隠していた本音や、気を遣って言えなかった要望なども聞けるかもしれません。「この人になら何でも話せる」と、信頼感を持ってもらうキッカケにもなります。
今日からできる傾聴テクニック5つ
「聴く側の3要素」など、少し難しい説明もしましたが、傾聴は決してハードルが高いスキルではありません。介護職においてすぐに実践できる5つのテクニックをご紹介しましょう。
<今日からできる傾聴テクニック5つ>
- 利用者さんの話を否定せずに聞き、話に共感する
- うなずく、あいづちを打つといった動作をする
- 穏やかな表情や声を意識する
- 会話をさえぎらない
- 深入りしすぎずに寄り添う
まずは、利用者さんの話を否定せずに聞きましょう。話を聞くときは、うなずいたりあいづちを打ったりして、積極的に話を聞いている姿勢や共感している姿勢でいると、安心感を持ってもらえます。穏やかな表情や声を意識して、相手の目を見ながら話を聞くと、利用者さんはより話しやすくなるでしょう。

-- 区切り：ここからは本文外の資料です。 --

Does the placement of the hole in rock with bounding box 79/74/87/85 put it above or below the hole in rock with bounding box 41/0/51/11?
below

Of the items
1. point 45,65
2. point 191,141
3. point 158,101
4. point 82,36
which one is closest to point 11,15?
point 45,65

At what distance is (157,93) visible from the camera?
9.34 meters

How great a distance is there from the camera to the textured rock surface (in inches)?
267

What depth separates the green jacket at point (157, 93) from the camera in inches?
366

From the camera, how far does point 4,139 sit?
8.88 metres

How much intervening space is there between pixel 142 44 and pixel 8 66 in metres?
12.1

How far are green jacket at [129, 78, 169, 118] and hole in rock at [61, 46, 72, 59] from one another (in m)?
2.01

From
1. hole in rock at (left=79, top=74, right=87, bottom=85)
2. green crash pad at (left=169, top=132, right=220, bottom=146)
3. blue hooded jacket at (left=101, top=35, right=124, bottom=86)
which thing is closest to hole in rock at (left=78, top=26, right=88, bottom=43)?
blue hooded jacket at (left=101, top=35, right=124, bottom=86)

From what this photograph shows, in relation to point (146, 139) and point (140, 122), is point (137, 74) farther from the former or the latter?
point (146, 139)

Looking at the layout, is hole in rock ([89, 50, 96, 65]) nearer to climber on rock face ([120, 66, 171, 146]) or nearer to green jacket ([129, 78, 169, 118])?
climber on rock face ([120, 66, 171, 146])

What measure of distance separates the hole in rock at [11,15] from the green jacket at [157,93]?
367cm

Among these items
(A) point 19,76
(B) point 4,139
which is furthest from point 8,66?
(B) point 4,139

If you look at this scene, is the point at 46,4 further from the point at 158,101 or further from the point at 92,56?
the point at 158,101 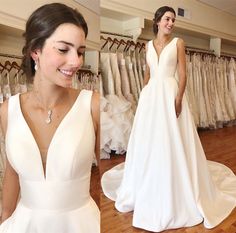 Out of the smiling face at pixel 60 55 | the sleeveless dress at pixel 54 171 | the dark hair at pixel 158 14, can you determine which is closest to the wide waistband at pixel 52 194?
the sleeveless dress at pixel 54 171

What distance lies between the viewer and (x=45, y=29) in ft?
0.97

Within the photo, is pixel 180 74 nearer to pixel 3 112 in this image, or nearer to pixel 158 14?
pixel 158 14

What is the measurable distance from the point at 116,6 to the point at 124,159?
0.23 metres

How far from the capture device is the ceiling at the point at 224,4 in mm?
429

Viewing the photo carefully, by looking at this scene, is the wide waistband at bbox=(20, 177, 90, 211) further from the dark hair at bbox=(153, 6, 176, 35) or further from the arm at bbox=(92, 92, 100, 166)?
the dark hair at bbox=(153, 6, 176, 35)

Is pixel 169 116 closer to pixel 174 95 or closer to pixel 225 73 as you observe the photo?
pixel 174 95

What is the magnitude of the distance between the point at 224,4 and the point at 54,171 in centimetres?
39

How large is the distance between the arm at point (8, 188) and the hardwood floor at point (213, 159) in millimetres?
138

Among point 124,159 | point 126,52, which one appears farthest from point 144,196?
point 126,52

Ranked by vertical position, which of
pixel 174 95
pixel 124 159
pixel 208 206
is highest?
pixel 174 95

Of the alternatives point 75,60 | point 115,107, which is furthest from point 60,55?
point 115,107

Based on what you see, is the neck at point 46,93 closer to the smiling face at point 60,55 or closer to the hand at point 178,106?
the smiling face at point 60,55

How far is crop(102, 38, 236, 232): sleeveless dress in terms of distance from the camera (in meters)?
0.42

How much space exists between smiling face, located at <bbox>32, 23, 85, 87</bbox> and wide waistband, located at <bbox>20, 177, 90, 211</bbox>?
0.44 ft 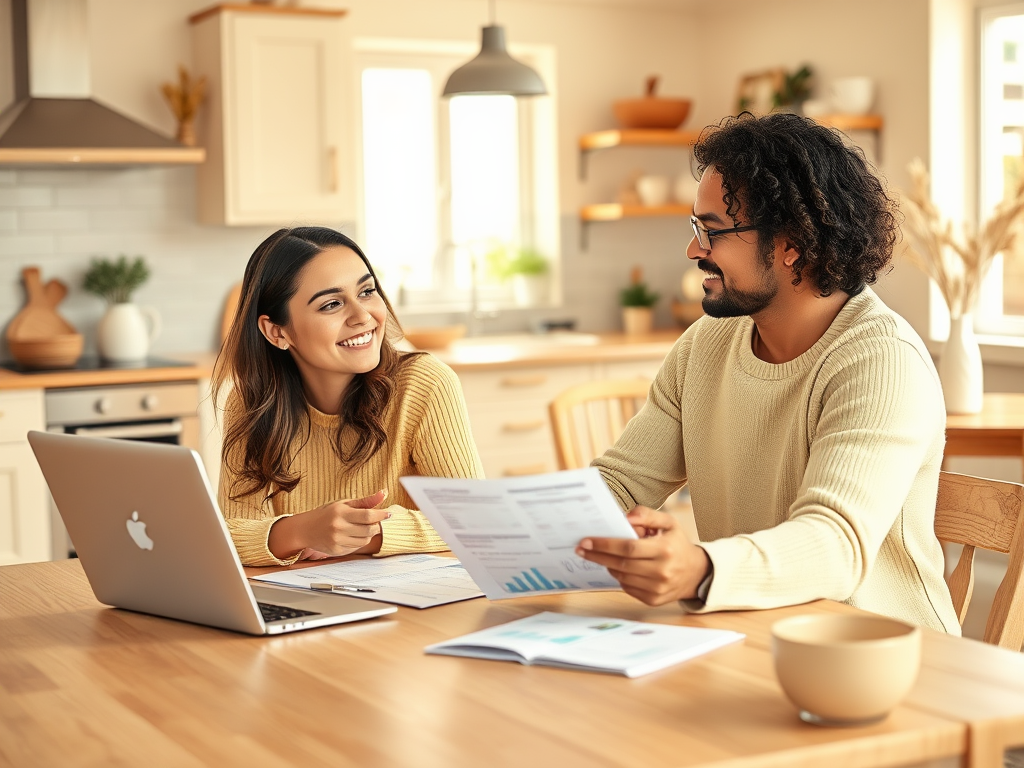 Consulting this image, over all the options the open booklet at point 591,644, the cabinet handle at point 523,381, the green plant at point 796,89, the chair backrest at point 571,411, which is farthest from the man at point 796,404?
the green plant at point 796,89

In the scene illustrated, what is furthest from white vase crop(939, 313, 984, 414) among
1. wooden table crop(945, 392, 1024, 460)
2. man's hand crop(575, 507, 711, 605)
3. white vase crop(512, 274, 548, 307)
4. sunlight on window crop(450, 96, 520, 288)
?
sunlight on window crop(450, 96, 520, 288)

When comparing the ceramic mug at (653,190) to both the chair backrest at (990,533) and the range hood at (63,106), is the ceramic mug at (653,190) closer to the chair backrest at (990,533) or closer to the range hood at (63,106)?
the range hood at (63,106)

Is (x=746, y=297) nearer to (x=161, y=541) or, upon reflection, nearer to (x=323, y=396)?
(x=323, y=396)

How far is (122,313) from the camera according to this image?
4.42m

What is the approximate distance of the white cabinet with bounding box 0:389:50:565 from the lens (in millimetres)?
3926

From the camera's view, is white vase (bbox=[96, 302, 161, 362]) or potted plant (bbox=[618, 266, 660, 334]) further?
potted plant (bbox=[618, 266, 660, 334])

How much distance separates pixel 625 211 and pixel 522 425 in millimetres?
1062

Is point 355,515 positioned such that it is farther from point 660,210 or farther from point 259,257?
point 660,210

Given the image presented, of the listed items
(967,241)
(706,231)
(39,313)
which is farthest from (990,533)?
(39,313)

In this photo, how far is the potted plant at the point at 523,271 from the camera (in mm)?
5469

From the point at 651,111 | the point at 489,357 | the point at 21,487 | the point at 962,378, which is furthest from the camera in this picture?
the point at 651,111

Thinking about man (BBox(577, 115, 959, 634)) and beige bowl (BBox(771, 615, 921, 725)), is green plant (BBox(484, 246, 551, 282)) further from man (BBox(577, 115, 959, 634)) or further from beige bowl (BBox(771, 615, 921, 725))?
beige bowl (BBox(771, 615, 921, 725))

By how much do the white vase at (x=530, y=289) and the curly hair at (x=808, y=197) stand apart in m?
→ 3.56

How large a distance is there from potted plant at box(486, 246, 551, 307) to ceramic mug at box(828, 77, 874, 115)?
4.52 ft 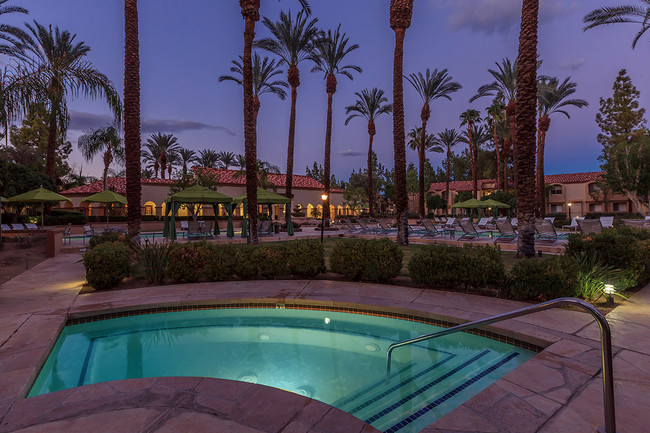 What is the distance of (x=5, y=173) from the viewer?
19.3m

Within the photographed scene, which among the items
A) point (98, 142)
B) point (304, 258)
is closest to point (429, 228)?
point (304, 258)

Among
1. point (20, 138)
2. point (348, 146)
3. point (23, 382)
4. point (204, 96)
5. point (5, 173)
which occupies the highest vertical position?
point (348, 146)

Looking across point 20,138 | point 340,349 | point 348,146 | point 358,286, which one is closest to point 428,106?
point 358,286

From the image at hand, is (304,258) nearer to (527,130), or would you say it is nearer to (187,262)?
(187,262)

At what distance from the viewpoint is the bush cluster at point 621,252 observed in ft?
20.2

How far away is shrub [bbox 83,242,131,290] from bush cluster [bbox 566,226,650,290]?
907 centimetres

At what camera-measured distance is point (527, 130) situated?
28.9 ft

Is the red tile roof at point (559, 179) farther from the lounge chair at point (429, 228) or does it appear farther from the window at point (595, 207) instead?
the lounge chair at point (429, 228)

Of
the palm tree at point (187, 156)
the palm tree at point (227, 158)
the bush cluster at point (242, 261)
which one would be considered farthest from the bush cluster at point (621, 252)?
the palm tree at point (227, 158)

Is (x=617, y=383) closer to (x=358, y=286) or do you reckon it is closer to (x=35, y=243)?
(x=358, y=286)

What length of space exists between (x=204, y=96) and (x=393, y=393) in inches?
2311

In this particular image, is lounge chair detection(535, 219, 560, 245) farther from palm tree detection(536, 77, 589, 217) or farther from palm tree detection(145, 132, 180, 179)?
palm tree detection(145, 132, 180, 179)

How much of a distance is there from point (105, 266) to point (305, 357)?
4812 mm

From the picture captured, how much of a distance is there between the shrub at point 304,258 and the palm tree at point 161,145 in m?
40.8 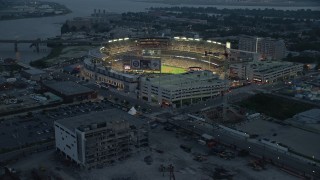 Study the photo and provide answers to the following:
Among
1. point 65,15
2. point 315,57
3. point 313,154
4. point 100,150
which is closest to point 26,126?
point 100,150

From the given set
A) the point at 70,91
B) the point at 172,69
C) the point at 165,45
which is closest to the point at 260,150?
the point at 70,91

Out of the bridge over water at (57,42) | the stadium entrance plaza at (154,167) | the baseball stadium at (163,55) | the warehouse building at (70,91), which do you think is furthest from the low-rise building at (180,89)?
the bridge over water at (57,42)

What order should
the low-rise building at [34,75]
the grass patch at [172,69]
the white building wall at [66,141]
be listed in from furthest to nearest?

話を聞いていると、ついつい自分の意見も言いたくなってしまいますが、共感を表す言葉程度におさめ、最後まで話を聞くことがポイントです。利用者さんの悩みなどを聞くと、その場で解決したくなるケースもあるでしょう。しかし、傾聴においてはあくまでも「話を聴く」ことに注力し、解決するより寄り添う姿勢でいることが理想です。
傾聴スキルで親しみやすい介護スタッフを目指す!
施設利用者さんの話に関心を向け、共感しながらじっくりと話を聴くことで、利用者さんに安心感を抱いてもらえます。利用者さんにとって、何でも話せる介護スタッフがいる施設は、きっと居心地の良い場所となるはず。傾聴スキルの習得は、介護スタッフにとっては仕事のしやすさにもつながるでしょう。ご紹介した傾聴テクニックを実践して、あなたも「利用者さんにとって親しみやすい介護スタッフ」を目指してみませんか。